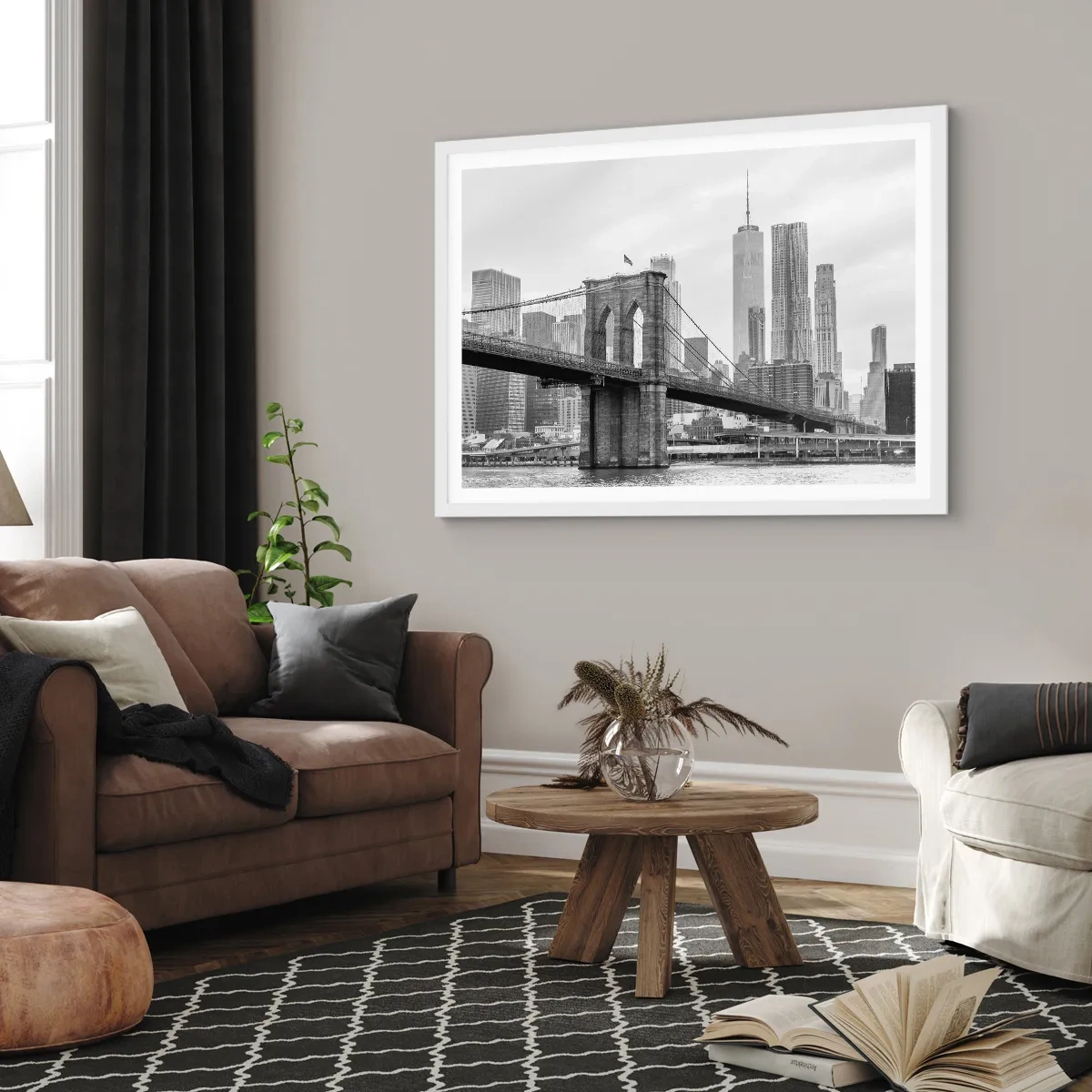 Poster in een witte lijst - New Yorkse sfeer - 91x61 cm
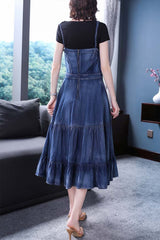 Cowboy embroidery strap denim midi dress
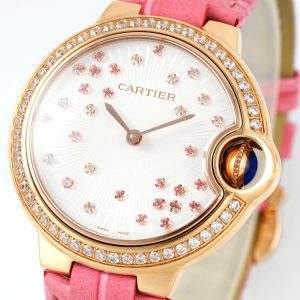 Đồng Hồ Cartier Ballon Bleu De Cartier Replica 11 Mặt Trắng Viền Đính Đá 33mm (2)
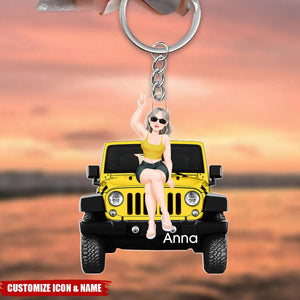 Girl Sitting On Off-road Car - Personalized Acrylic Keychain, Gifts For Car Lovers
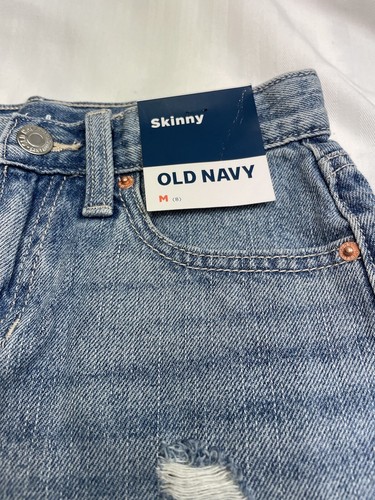 Old Navy NEW High Rise Distressed Denim Jean Shorts Adjustable Waist Kids Size 8 - Picture 2 of 8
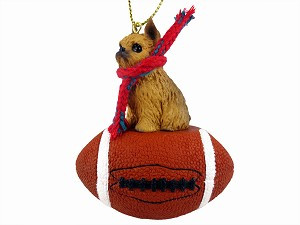 Red Football Brussels Griffon Dog on Football Christmas Ornament – Hand-Painted Stone Resin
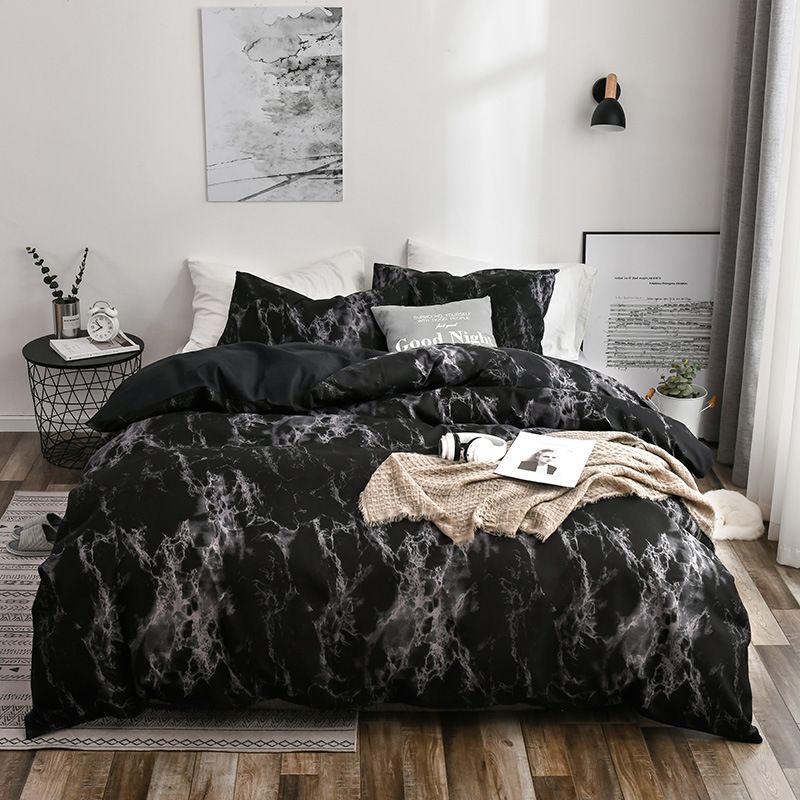 Luxury Marble Print Duvet Cover Set - 3/4 Piece Brushed Polyester Bedding With Pillowcases Minimalist Solid Color Design For Queen/King Size_voghion.com
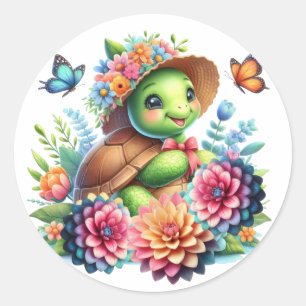 Heerlijk Bloemen Zee Schildpad Ronde Sticker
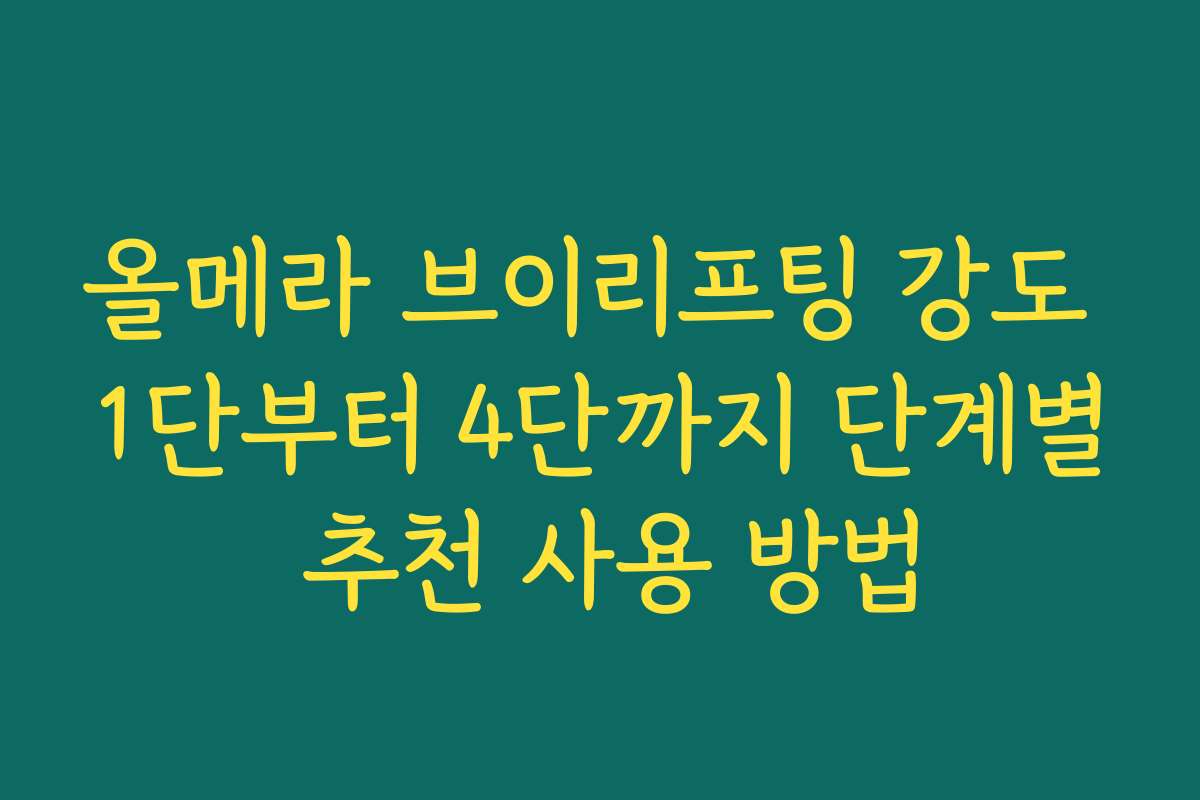 올메라 브이리프팅 강도 1단부터 4단까지 단계별 추천 사용 방법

## EXERCISE OBJECTIVE
Could you return each line, unchanged, from the line containing "Đồng Hồ Cartier" through the last line of the entries above, leaving out the pictures?

## REPLY
 Đồng Hồ Cartier Ballon Bleu De Cartier Replica 11 Mặt Trắng Viền Đính Đá 33mm (2)
 Girl Sitting On Off-road Car - Personalized Acrylic Keychain, Gifts For Car Lovers
 Old Navy NEW High Rise Distressed Denim Jean Shorts Adjustable Waist Kids Size 8 - Picture 2 of 8
 Red Football Brussels Griffon Dog on Football Christmas Ornament – Hand-Painted Stone Resin
 Luxury Marble Print Duvet Cover Set - 3/4 Piece Brushed Polyester Bedding With Pillowcases Minimalist Solid Color Design For Queen/King Size_voghion.com
 Heerlijk Bloemen Zee Schildpad Ronde Sticker
 올메라 브이리프팅 강도 1단부터 4단까지 단계별 추천 사용 방법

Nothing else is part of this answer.